▸ **What this task involves**
Output, exactly and alone, the lines from the one containing "Cavalli Beige knitted wool sweater" through the last line of the material below, both ends included.

▸ **Source material**

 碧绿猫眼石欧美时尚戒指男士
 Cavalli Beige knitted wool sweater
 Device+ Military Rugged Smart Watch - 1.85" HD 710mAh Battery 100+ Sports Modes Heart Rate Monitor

▸ **Answer to this exercise**
 Cavalli Beige knitted wool sweater
 Device+ Military Rugged Smart Watch - 1.85" HD 710mAh Battery 100+ Sports Modes Heart Rate Monitor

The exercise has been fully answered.